Stanford GSB

Stanford GSB

Friday, January 29, 2016

Gaja Wine

I was interested to learn more on Gaja Wine after the colorful story in Prof. Hannan's reading and the discussion in class.  Prof. Hannan's book went into some depth about Angelo Gaja's pivotal role in advent of modernization in the Piemonte region, including reducing bunches per plant, introducing the Bordeaux barrique to improve color and remove unpleasant aspects from the botti, making the wine less overwhelmingly tannic, and pioneering the promulgation of single-cru wines.  While less social perhaps than Elio Altare, he also had a great influence in the region and beyond.

I think it's particularly impressive to see this level of vitality an entire century after the winery was founded.  One issue that comes up in family business is a certain attachment to tradition that makes innovation harder, but the intense rupture wrought after multiple generations here is a testament that sometimes the apple can fall pretty far from the tree (or grape from the vine, perhaps).  Also of particular interest considering our discussion of super-Tuscans today, Gaja acquired properties in Tuscany in the 1990s (in Bolgheri and Montalcino, see http://terlatowines.com/brands/italy/gaja) and now makes a greater amount of wine in Tuscany than in Piemonte.

Piemonte is a region near the border with France and Switzerland, and the collision of nationalities is reflected in the Gaja family -- the family name is Spanish, and original proprietor Giovanni Gaja's (apparently of French extraction) wife Clothilde Rey was seen as a key force pushing the family towards the level of quality that set it apart (http://www.wine-searcher.com/m/2014/10/10-things-every-wine-lover-should-know-about-gaja).  I think in an era where it really was challenging to travel too far, being close to France helped in Angelo's discovery and incorporation of French quality standards, including the use of the barrique.
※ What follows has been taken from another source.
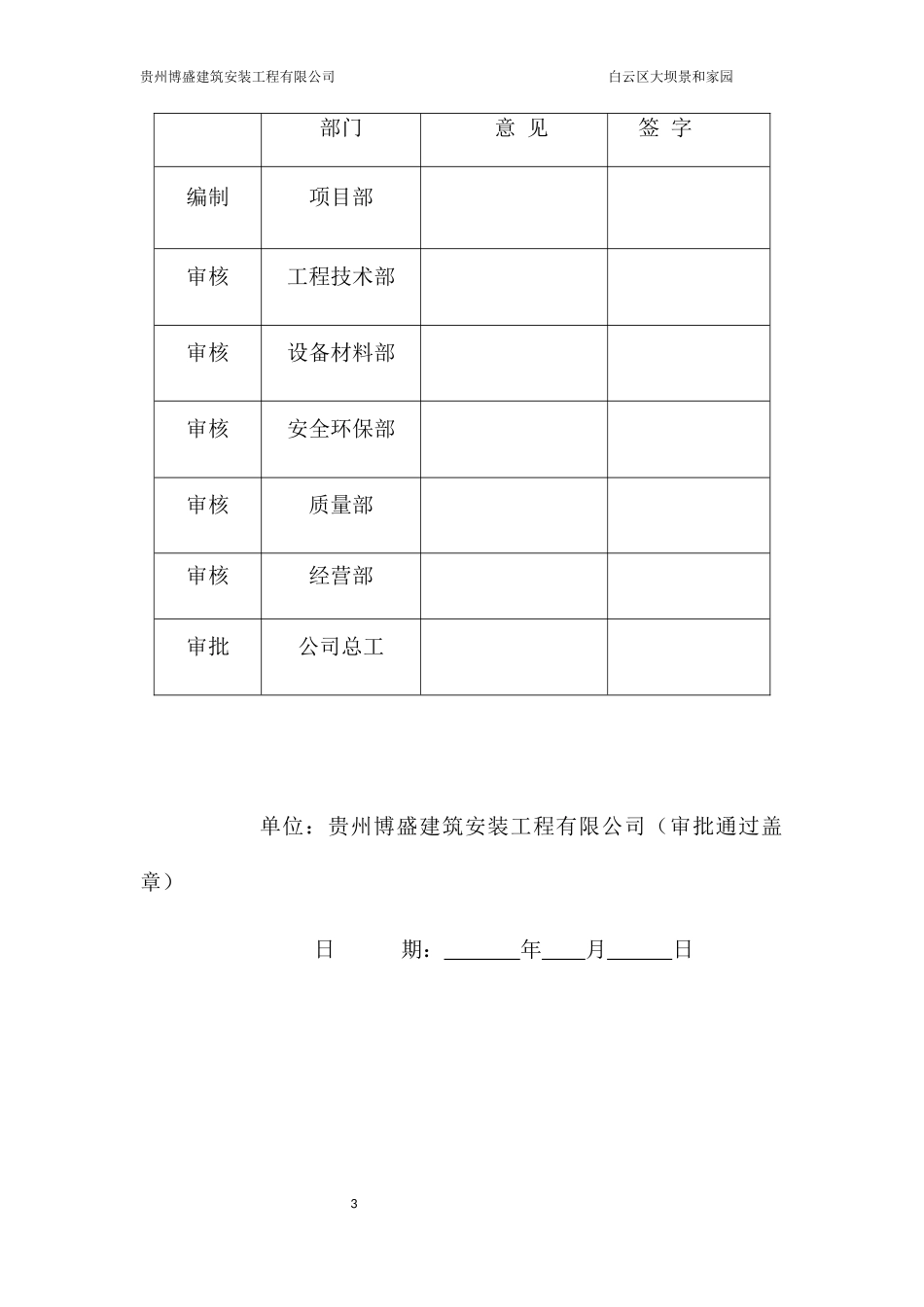 重大危险源专项施工方案培训资料_第3页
Notably, Angelo ended up hiring an enologist to concentrate on the winemaking while he focused on sales, marketing, and acquisitions.  Though Angelo had clearly taken an active stance in the winemaking process against his father Giovanni, in the use of barriques but also around the planting of French grapes in the precious Italian soil.  While in the family and in the popular imagination he is known as a key modernizer, he did actually oppose some modern techniques such as shorter maceration periods

Today Gaja appears to command an impressive reputation at some truly high-end destinations in the US, a testament to its enduring reach another couple generations on.  Two of the highest-rated restaurants in the Bay Area clearly appreciate this high-end Italian offering: The French Laundry carries thirteen Gaja offerings in its selection, ranging from $175 to as high as $1,600.  The Restaurant at Meadowood carries one Gaja (and a Grappa).  Both of these restaurants are rated as two of the best in the entire country.  Quality is of paramount importance, and Gaja has been known to declassify vintages that fell below standards.

Though the most priceless bit I learned about Signore Gaja pertains to another character in a recent class, Mr. Robert Mondavi, and the ongoing tension between New World and Old World.  Angelo almost completed a joint venture with Mondavi, but backed out with this quip: it would be "like a mosquito having sex with an elephant: very dangerous and not much fun."